BEGIN DATA EXTRACT

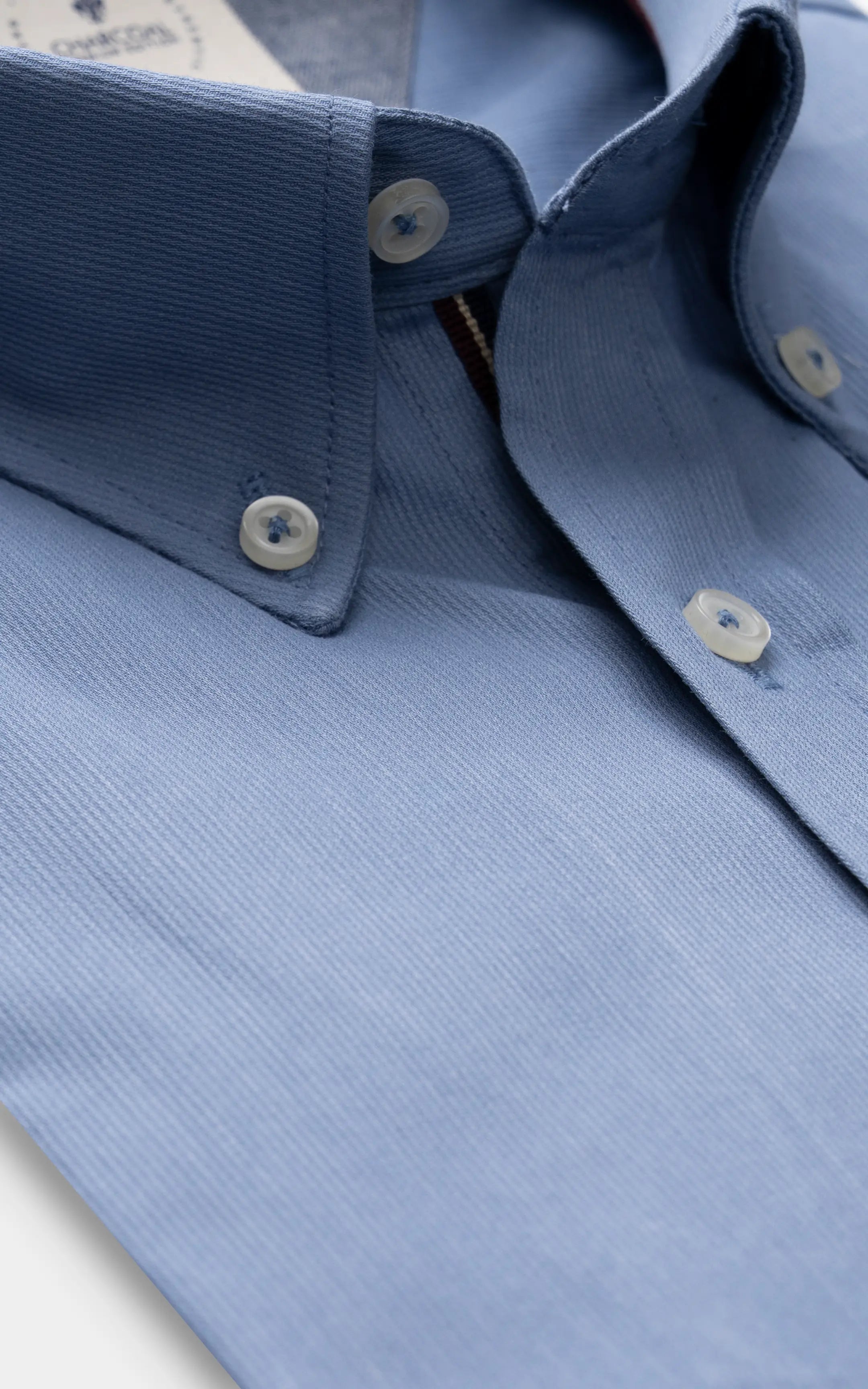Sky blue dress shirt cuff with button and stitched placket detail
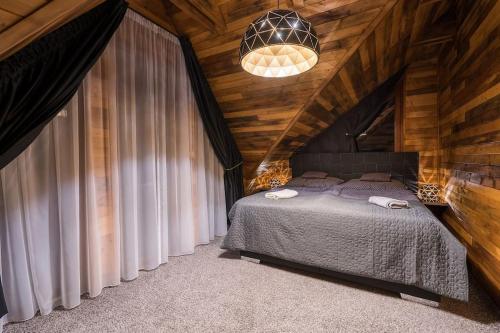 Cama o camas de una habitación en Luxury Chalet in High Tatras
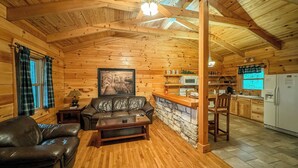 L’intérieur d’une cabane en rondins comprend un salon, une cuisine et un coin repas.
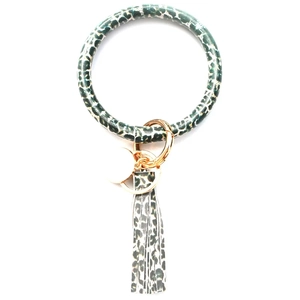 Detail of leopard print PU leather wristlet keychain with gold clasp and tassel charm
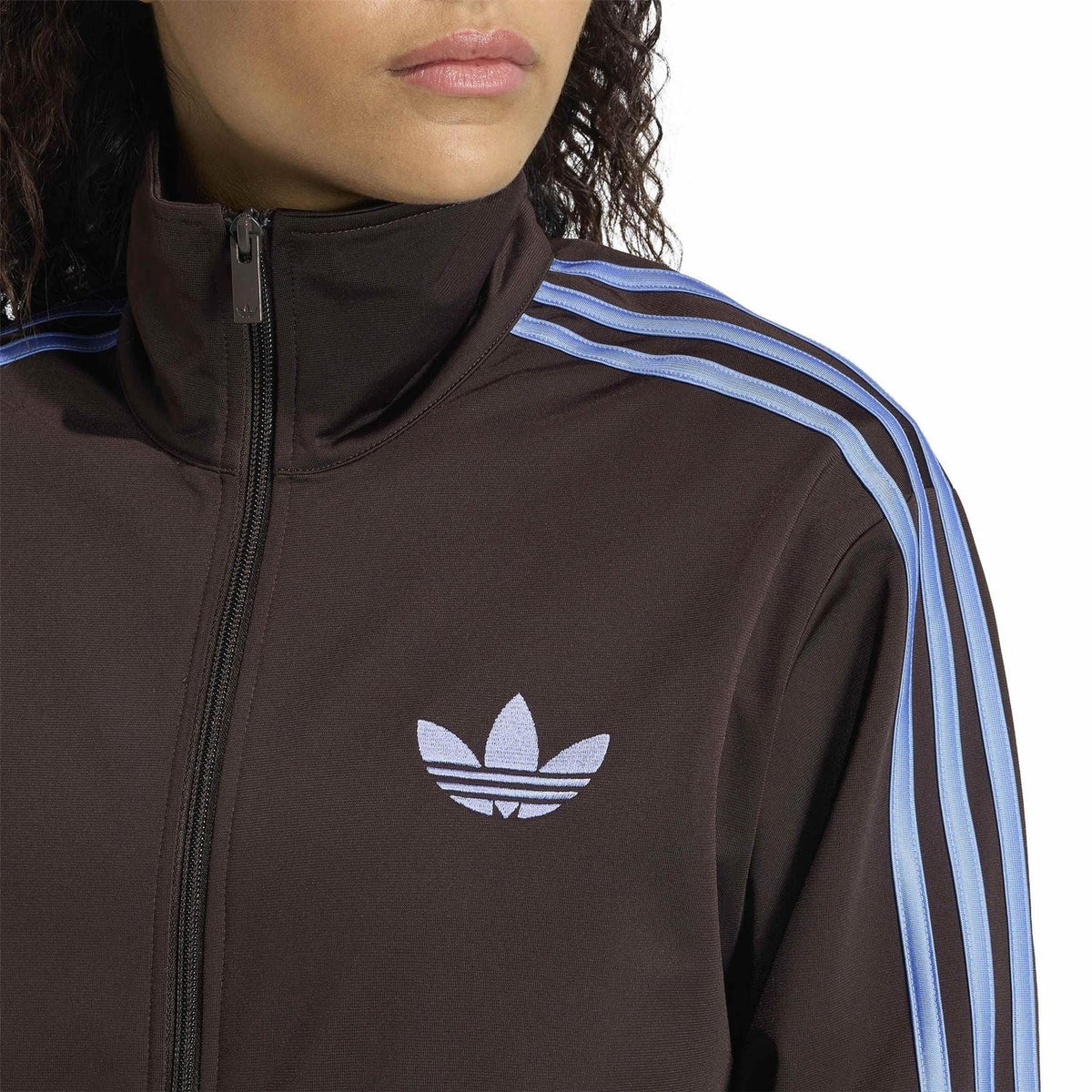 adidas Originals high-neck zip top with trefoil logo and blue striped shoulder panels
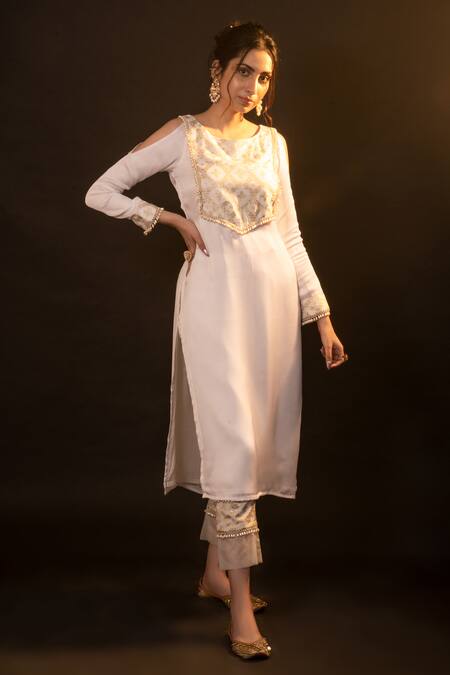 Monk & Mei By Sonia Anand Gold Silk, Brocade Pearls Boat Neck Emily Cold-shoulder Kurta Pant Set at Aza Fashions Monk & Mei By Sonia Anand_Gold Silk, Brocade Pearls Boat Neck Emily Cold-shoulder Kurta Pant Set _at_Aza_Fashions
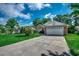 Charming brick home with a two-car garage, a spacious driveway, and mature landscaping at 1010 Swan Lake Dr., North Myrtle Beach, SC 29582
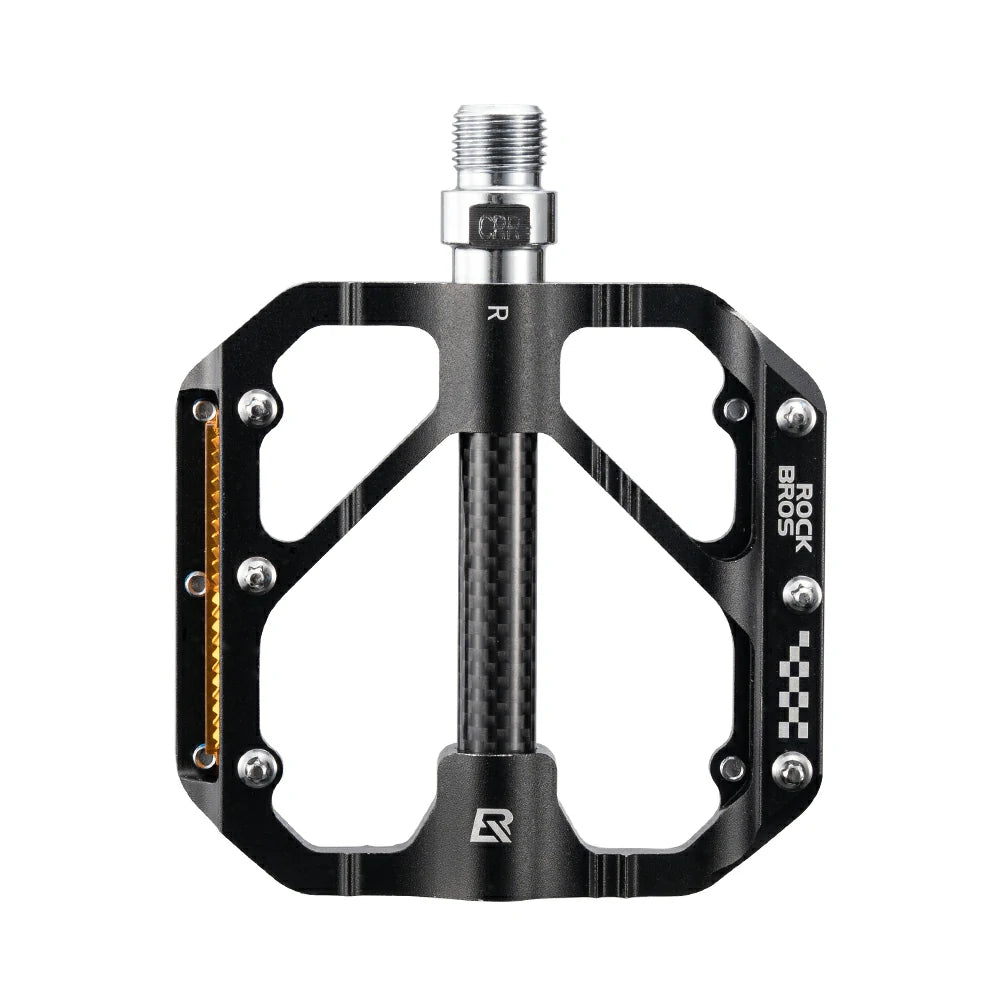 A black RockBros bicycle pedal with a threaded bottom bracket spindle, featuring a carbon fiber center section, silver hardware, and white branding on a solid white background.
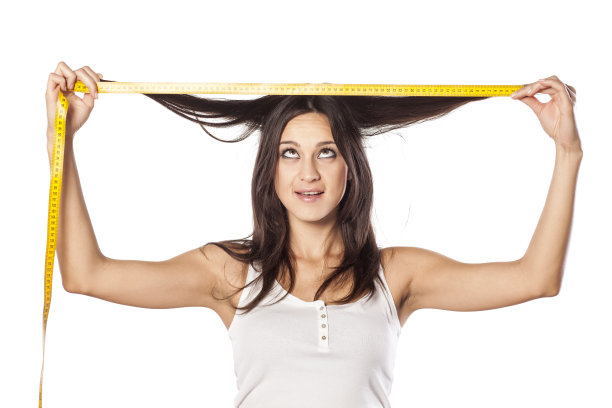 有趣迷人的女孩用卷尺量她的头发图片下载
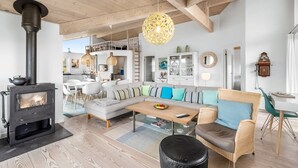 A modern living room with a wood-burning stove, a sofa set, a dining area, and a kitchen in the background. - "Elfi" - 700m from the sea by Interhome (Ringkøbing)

END DATA EXTRACT

** AIM OF THE TASK **
What's needed is a word-for-word retyping of the listing, minus its pictures.

** FINISHED TASK **
Sky blue dress shirt cuff with button and stitched placket detail
 Cama o camas de una habitación en Luxury Chalet in High Tatras
 L’intérieur d’une cabane en rondins comprend un salon, une cuisine et un coin repas.
 Detail of leopard print PU leather wristlet keychain with gold clasp and tassel charm
 adidas Originals high-neck zip top with trefoil logo and blue striped shoulder panels
 Monk & Mei By Sonia Anand Gold Silk, Brocade Pearls Boat Neck Emily Cold-shoulder Kurta Pant Set at Aza Fashions Monk & Mei By Sonia Anand_Gold Silk, Brocade Pearls Boat Neck Emily Cold-shoulder Kurta Pant Set _at_Aza_Fashions
 Charming brick home with a two-car garage, a spacious driveway, and mature landscaping at 1010 Swan Lake Dr., North Myrtle Beach, SC 29582
 A black RockBros bicycle pedal with a threaded bottom bracket spindle, featuring a carbon fiber center section, silver hardware, and white branding on a solid white background.
 有趣迷人的女孩用卷尺量她的头发图片下载
 A modern living room with a wood-burning stove, a sofa set, a dining area, and a kitchen in the background. - "Elfi" - 700m from the sea by Interhome (Ringkøbing)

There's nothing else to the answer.